Strategic planning and business and community partnerships have allowed Little Earth of United Tribes, founded in 1973, to realize its dream of providing affordable home ownership to its members. As part of an intensive strategic plan developed in 2006-2007, Little Earth Community Partnership implemented a “capacity-building initiative” which included the objective of opportunity for home ownership for its members.
With the assistance of the Greater Metropolitan Housing Corporation, five properties are part of the project: one rehab home and four new homes to be constructed. Jeff Washburne, executive director of City of Lakes Community Land Trust, said, “this idea makes sense on a variety of fronts—it’s about the people as much as about the project.
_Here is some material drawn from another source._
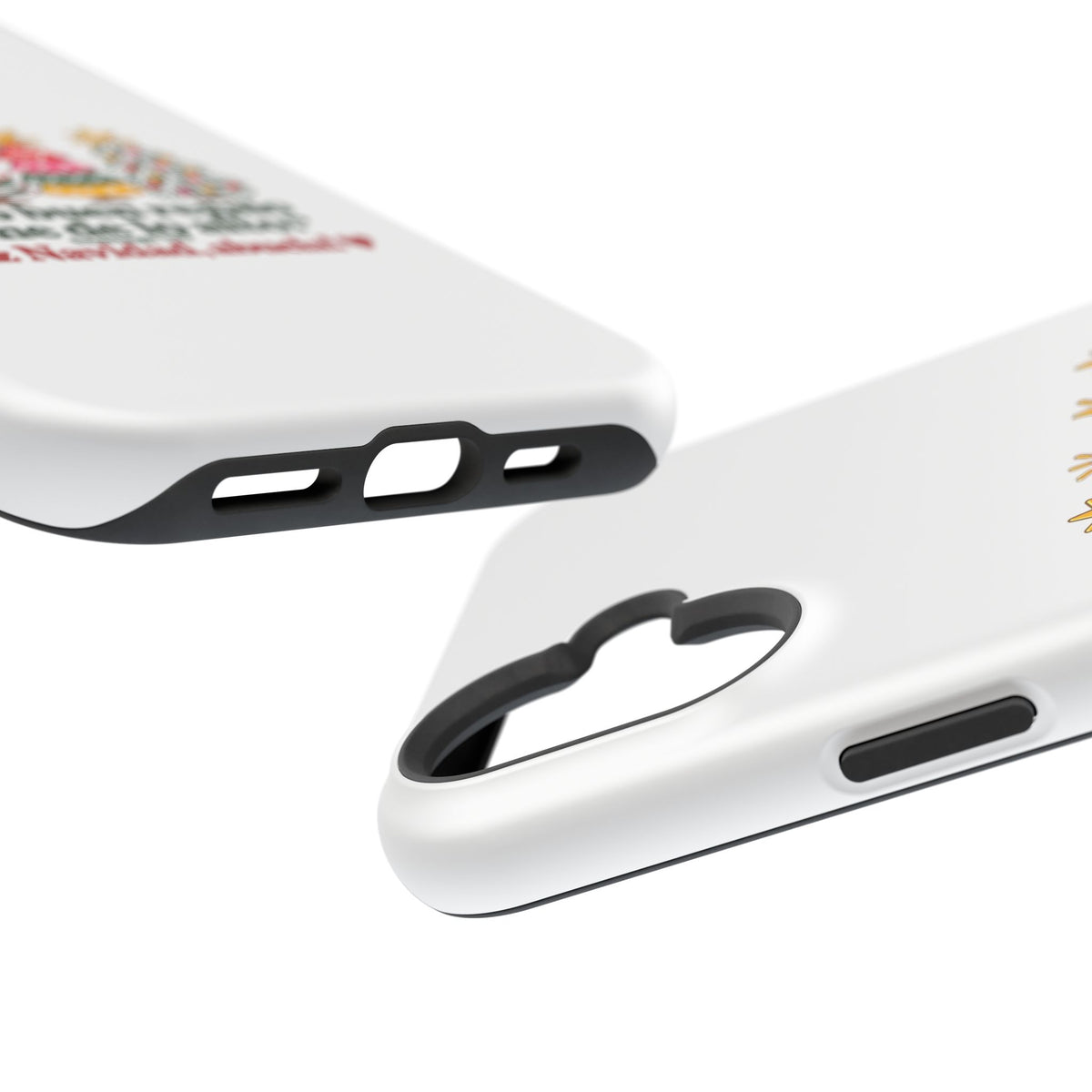 Christmas Grandma Phone Case — “Todo buen regalo viene de lo alto” Magnetic Impact-Resistant Case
It’s really about moving people forward [in life] through stability of home ownership, that then allows owners to start thinking about other things in life, think about the future, while keeping close connections with the Little Earth community and its resources.”
City of Minneapolis council member Gary Schiff is very supportive of the Little Earth home initiative project. He said that home ownership is another positive step and “stage two” for Little Earth. “It’s a real investment in the community—a real sign of hope for those who want to be homeowners.”
Property acquisition has started in the block south of Little Earth’s rental housing campus bordering E. M. Stately Street. Schiff said that this area became saturated with drug and crime after Bill Ziegler, President/CEO of Little Earth, adopted a zero-tolerance policy of crime and drugs in Little Earth’s rental housing. Development in this area will allow distressed property and housing that had been tied to drug-related crime to become valuable assets to the city as well as Little Earth.
Little Earth of United Tribes is the largest Native-owned and operated low-income rental housing community in the Unites States. Its housing complex, located in a nine-block area in the East Phillips neighborhood, provides 212 housing units to over 900 people, 98% of the residents being American Indian.